§ **RECORD SET**
----

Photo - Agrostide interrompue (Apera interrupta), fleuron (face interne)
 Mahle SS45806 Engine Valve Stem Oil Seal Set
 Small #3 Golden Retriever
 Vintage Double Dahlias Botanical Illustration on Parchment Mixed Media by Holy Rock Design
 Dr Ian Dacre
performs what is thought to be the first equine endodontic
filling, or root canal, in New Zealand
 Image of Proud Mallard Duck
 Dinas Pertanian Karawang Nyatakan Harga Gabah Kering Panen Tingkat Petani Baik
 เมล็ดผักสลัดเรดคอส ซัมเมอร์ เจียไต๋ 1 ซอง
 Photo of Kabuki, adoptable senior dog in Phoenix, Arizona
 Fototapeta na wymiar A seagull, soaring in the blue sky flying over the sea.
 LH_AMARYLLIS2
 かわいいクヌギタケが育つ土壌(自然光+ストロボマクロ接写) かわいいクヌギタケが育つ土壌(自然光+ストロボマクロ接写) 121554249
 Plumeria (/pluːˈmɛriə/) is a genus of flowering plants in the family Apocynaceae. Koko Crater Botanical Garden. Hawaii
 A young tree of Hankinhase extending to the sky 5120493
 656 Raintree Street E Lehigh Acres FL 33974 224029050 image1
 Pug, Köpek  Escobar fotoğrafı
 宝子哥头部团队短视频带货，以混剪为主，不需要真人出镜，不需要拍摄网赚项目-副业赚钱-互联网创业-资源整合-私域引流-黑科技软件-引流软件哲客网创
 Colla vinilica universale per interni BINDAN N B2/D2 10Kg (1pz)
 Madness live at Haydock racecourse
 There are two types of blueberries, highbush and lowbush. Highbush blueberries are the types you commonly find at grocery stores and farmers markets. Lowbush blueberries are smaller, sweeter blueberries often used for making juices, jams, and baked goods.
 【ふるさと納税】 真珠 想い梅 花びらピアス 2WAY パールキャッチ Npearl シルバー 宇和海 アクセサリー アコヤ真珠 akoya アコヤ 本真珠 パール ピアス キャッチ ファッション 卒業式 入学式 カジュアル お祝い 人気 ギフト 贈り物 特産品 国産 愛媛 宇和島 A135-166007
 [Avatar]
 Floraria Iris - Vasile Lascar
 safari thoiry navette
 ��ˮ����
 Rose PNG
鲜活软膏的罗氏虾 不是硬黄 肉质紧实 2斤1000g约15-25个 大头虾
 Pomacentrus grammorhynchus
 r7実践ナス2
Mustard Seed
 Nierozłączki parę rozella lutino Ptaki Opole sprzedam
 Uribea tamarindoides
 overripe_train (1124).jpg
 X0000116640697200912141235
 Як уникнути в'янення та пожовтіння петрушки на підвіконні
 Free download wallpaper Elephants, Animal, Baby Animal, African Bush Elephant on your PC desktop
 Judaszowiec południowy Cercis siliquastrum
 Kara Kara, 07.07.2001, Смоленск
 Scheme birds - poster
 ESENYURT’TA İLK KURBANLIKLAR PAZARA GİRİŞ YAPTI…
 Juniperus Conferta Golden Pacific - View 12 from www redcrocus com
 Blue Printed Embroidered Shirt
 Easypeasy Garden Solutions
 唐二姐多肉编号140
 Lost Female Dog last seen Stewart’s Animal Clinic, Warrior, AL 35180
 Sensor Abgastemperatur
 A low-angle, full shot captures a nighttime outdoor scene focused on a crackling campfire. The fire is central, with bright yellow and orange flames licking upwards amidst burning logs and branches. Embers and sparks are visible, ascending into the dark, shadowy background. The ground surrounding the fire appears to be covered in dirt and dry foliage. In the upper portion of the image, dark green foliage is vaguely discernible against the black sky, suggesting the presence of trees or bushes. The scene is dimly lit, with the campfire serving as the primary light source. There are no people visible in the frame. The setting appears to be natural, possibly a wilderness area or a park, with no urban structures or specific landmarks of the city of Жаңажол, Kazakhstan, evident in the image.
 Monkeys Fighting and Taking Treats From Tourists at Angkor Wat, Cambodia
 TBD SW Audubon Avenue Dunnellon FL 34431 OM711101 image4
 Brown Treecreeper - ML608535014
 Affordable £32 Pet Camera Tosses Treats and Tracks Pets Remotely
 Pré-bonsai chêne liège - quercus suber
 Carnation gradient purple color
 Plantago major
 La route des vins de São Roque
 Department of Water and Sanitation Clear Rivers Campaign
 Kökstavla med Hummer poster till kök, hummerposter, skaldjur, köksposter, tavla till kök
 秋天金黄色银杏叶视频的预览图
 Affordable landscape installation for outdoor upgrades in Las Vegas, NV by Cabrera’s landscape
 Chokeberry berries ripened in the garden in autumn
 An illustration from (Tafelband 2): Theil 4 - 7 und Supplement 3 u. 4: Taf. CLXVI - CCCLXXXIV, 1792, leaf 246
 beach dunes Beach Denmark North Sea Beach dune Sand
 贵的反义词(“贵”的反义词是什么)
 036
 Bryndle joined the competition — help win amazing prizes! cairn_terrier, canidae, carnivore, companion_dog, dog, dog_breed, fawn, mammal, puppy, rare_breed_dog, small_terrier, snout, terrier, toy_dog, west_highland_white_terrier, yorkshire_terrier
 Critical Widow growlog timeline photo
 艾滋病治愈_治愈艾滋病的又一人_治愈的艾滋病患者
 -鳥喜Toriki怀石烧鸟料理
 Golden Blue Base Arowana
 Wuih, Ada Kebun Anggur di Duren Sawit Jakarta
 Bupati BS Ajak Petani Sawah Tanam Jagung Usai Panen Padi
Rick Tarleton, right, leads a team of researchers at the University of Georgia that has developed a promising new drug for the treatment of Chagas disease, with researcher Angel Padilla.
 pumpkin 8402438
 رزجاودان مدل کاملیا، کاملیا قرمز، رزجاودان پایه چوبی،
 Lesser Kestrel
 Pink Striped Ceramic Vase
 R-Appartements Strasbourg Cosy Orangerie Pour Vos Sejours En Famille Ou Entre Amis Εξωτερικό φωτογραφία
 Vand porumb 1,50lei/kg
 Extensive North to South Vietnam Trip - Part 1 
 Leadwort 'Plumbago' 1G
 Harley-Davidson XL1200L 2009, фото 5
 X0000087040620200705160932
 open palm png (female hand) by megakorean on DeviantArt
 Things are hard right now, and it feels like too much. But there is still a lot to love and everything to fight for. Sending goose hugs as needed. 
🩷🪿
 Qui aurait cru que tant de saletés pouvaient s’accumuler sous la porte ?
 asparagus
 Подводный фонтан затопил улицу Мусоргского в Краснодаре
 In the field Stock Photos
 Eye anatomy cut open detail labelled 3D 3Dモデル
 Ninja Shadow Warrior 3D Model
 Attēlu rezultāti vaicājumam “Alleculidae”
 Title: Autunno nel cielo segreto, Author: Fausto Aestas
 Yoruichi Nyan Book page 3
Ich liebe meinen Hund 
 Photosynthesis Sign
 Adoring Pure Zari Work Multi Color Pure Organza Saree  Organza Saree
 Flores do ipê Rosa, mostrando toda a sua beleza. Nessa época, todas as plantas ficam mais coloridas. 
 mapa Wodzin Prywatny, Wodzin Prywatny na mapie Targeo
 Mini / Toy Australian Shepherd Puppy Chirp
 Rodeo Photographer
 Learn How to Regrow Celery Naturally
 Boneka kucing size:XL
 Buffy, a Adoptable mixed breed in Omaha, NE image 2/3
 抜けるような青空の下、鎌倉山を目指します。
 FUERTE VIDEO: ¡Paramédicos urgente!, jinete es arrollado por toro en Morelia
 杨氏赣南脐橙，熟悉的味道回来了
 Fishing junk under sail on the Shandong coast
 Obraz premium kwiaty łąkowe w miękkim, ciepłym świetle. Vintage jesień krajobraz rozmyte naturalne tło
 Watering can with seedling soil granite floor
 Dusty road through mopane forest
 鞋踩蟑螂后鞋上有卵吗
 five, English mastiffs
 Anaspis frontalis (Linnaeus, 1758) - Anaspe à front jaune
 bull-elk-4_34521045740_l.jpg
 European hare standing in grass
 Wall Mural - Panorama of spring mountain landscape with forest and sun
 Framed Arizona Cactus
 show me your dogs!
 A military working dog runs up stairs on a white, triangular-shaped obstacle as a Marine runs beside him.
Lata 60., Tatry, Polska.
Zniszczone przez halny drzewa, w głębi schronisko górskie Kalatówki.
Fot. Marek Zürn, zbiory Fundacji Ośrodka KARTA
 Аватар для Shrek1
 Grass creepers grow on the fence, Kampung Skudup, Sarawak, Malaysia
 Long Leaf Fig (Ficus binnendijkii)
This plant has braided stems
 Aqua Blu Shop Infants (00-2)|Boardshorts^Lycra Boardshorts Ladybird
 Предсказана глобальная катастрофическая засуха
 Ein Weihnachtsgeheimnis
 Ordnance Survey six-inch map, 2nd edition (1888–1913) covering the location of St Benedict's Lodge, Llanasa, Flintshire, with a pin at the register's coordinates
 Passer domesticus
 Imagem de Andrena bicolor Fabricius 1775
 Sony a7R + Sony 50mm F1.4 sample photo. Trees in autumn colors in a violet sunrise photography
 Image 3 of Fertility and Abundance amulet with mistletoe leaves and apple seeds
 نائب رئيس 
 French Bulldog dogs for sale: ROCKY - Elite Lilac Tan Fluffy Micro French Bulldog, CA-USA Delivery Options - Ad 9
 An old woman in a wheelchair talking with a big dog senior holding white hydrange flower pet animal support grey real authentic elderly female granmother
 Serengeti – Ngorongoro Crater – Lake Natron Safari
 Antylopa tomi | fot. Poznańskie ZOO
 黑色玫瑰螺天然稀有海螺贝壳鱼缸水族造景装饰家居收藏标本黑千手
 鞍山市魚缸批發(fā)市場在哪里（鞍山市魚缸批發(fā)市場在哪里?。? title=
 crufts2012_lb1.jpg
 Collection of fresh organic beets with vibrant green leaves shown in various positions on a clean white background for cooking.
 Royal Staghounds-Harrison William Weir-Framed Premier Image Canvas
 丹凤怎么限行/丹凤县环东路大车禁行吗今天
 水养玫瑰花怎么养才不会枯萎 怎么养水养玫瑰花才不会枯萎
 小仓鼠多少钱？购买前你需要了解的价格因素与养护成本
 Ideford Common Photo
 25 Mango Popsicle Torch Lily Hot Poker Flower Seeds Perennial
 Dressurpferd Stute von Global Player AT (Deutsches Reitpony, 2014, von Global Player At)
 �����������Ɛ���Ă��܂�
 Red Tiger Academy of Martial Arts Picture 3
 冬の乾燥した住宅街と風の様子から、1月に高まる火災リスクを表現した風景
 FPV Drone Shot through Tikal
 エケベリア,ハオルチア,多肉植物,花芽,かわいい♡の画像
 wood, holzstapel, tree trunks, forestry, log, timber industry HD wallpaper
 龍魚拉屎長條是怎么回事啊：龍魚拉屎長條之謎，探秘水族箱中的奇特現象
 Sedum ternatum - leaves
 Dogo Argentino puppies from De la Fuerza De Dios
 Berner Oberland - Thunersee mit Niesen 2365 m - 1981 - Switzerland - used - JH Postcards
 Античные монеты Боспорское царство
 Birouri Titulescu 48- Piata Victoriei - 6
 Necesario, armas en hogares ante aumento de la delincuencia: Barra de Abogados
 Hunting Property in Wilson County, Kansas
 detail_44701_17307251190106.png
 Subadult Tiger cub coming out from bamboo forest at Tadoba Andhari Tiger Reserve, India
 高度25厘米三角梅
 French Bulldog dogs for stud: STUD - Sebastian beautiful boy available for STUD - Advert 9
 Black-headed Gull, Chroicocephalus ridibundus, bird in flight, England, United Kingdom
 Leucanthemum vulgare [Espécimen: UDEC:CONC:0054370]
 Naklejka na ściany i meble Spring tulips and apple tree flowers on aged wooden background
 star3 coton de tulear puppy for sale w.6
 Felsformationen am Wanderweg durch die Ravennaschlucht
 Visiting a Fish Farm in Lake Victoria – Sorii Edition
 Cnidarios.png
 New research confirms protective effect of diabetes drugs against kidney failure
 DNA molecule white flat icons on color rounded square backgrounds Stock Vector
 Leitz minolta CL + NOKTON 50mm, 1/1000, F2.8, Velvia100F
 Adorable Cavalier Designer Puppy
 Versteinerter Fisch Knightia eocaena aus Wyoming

----

§ **INSTRUCTIONS TO FOLLOW**
Repeat exactly the lines above from the one with "愛媛 宇和島 A135-166007" up to and including the one with "A low-angle, full". No other line belongs in the reply.

§ **EXERCISE ANSWER**
 【ふるさと納税】 真珠 想い梅 花びらピアス 2WAY パールキャッチ Npearl シルバー 宇和海 アクセサリー アコヤ真珠 akoya アコヤ 本真珠 パール ピアス キャッチ ファッション 卒業式 入学式 カジュアル お祝い 人気 ギフト 贈り物 特産品 国産 愛媛 宇和島 A135-166007
 [Avatar]
 Floraria Iris - Vasile Lascar
 safari thoiry navette
 ��ˮ����
 Rose PNG
鲜活软膏的罗氏虾 不是硬黄 肉质紧实 2斤1000g约15-25个 大头虾
 Pomacentrus grammorhynchus
 r7実践ナス2
Mustard Seed
 Nierozłączki parę rozella lutino Ptaki Opole sprzedam
 Uribea tamarindoides
 overripe_train (1124).jpg
 X0000116640697200912141235
 Як уникнути в'янення та пожовтіння петрушки на підвіконні
 Free download wallpaper Elephants, Animal, Baby Animal, African Bush Elephant on your PC desktop
 Judaszowiec południowy Cercis siliquastrum
 Kara Kara, 07.07.2001, Смоленск
 Scheme birds - poster
 ESENYURT’TA İLK KURBANLIKLAR PAZARA GİRİŞ YAPTI…
 Juniperus Conferta Golden Pacific - View 12 from www redcrocus com
 Blue Printed Embroidered Shirt
 Easypeasy Garden Solutions
 唐二姐多肉编号140
 Lost Female Dog last seen Stewart’s Animal Clinic, Warrior, AL 35180
 Sensor Abgastemperatur
 A low-angle, full shot captures a nighttime outdoor scene focused on a crackling campfire. The fire is central, with bright yellow and orange flames licking upwards amidst burning logs and branches. Embers and sparks are visible, ascending into the dark, shadowy background. The ground surrounding the fire appears to be covered in dirt and dry foliage. In the upper portion of the image, dark green foliage is vaguely discernible against the black sky, suggesting the presence of trees or bushes. The scene is dimly lit, with the campfire serving as the primary light source. There are no people visible in the frame. The setting appears to be natural, possibly a wilderness area or a park, with no urban structures or specific landmarks of the city of Жаңажол, Kazakhstan, evident in the image.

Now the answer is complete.